[pro] Default safety level and specialized arrays
Pascal J. Bourguignon
pjb at informatimago.com
Thu Mar 12 12:14:41 UTC 2015
> On 11 Mar 2015, at 21:25, Svante v. Erichsen <Svante.v.Erichsen at web.de> wrote:
>
> This begs the question: how do I get a speed optimized library then? Do I need
> to make a local fork just to insert declarations? Is there a way to tell
This is not up to the library writer to decde on this. This is up to the library final user.
Declarations are global. When you are developping/debugging, you will set them to
(optimize (speed 0) (space 0) (debug 3) (safety 3)).
When generating the end-user executable, you will set them to
(optimize (speed 3) (space 3) (debug 0) (safety 3)),
if you follow Bertrand Meyer's advice.
> e. g. ASDF to use certain declamations? Is making the declarations in the
> library dependent on documented entries to *features* the way to go? Where
> would I push the desired settings into *features*?
Even if you set them in ASDF, you will have to have a way to tell it when you are debugging code (always), and when you are generating a end-user application (once in a blue moon, and in a different, explicitely controlled process).
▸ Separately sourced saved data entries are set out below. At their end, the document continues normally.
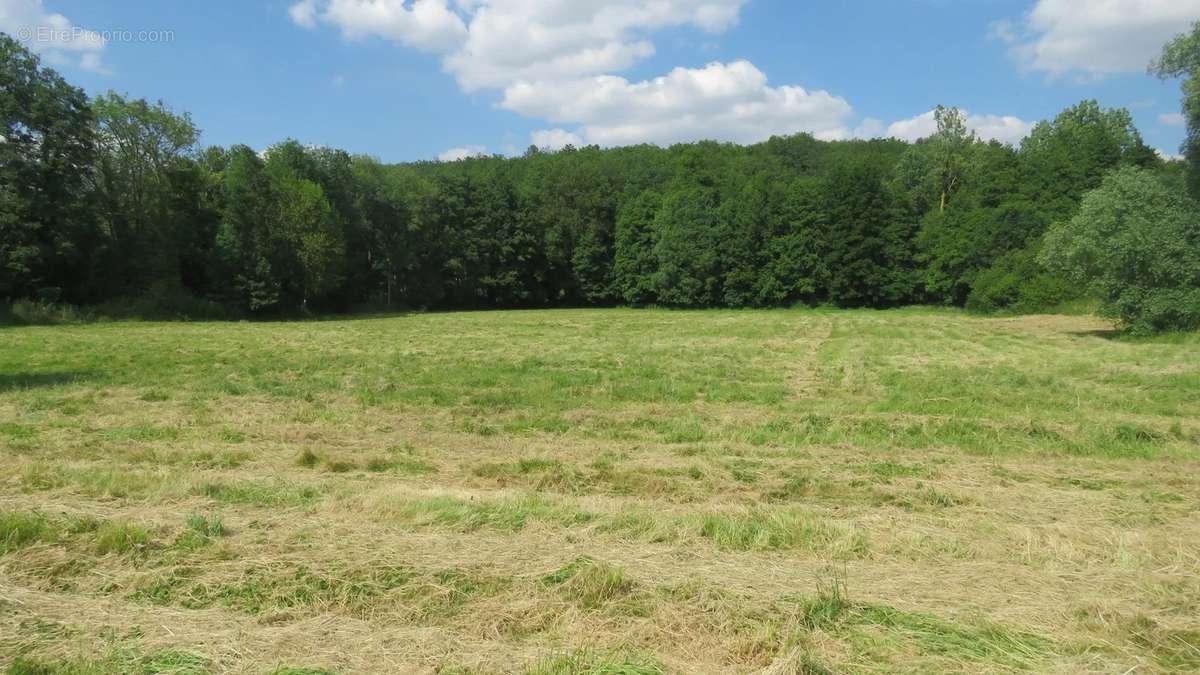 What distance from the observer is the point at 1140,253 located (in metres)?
27.8

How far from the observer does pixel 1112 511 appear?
762 cm

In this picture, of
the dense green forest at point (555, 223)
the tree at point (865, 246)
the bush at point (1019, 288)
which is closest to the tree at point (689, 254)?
the dense green forest at point (555, 223)

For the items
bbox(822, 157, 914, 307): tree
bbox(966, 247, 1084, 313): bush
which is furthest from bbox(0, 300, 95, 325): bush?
bbox(966, 247, 1084, 313): bush

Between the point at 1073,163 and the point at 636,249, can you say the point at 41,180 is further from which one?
the point at 1073,163

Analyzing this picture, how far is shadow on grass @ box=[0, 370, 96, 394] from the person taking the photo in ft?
54.1

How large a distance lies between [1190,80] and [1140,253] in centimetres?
782

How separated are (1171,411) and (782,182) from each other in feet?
185

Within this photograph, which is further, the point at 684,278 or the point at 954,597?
the point at 684,278

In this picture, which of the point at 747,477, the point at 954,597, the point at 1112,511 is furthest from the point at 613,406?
the point at 954,597

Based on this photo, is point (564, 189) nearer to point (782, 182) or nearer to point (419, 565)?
point (782, 182)

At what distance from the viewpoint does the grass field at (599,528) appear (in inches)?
179

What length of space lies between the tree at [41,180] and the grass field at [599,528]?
99.7ft

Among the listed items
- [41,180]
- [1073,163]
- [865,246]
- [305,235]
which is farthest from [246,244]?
[1073,163]

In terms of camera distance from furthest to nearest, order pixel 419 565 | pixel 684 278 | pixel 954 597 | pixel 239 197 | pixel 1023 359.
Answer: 1. pixel 684 278
2. pixel 239 197
3. pixel 1023 359
4. pixel 419 565
5. pixel 954 597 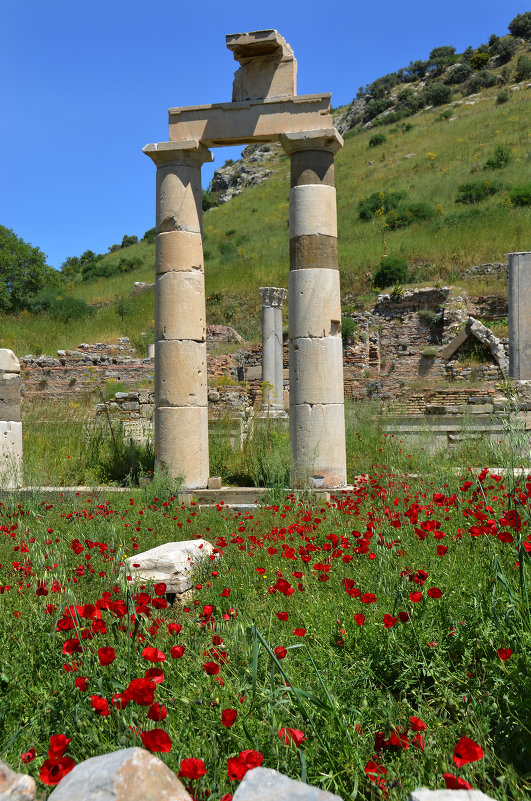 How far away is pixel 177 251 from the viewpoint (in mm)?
8789

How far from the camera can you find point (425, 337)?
27.4m

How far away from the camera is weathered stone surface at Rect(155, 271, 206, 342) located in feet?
28.6

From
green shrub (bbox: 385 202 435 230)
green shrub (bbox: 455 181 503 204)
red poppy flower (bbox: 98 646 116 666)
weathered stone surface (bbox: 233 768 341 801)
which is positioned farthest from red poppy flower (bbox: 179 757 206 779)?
green shrub (bbox: 455 181 503 204)

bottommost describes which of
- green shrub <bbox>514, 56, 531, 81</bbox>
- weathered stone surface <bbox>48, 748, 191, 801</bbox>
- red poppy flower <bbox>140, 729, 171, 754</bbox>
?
weathered stone surface <bbox>48, 748, 191, 801</bbox>

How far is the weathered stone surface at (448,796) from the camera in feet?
5.03

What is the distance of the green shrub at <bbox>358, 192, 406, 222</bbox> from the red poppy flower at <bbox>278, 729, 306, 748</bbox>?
3997cm

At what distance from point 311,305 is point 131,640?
6.12 m

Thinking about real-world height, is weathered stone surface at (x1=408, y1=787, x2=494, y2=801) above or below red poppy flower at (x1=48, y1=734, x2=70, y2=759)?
above

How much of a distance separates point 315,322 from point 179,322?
174 centimetres

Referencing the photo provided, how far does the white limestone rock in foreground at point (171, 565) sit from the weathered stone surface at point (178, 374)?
145 inches

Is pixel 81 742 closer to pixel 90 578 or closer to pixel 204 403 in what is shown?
pixel 90 578

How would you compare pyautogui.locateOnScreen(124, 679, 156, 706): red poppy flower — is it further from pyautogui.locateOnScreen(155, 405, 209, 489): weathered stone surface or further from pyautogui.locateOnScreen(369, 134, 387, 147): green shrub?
pyautogui.locateOnScreen(369, 134, 387, 147): green shrub

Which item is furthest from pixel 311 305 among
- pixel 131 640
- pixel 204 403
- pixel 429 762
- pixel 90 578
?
pixel 429 762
And yes, since asdf doesn't cache the compiled files in separate directories for the various optimization settings (or the various *features* list), since that would be very unwiedly, you have to clear the cache when you switch between generating the end-user application, and normal developping work. rm -rf ~/.cache/common-lisp/ is found in all application generation makefiles.
Optimize declaimations and declarations in libraries is the curse of the CL application developper.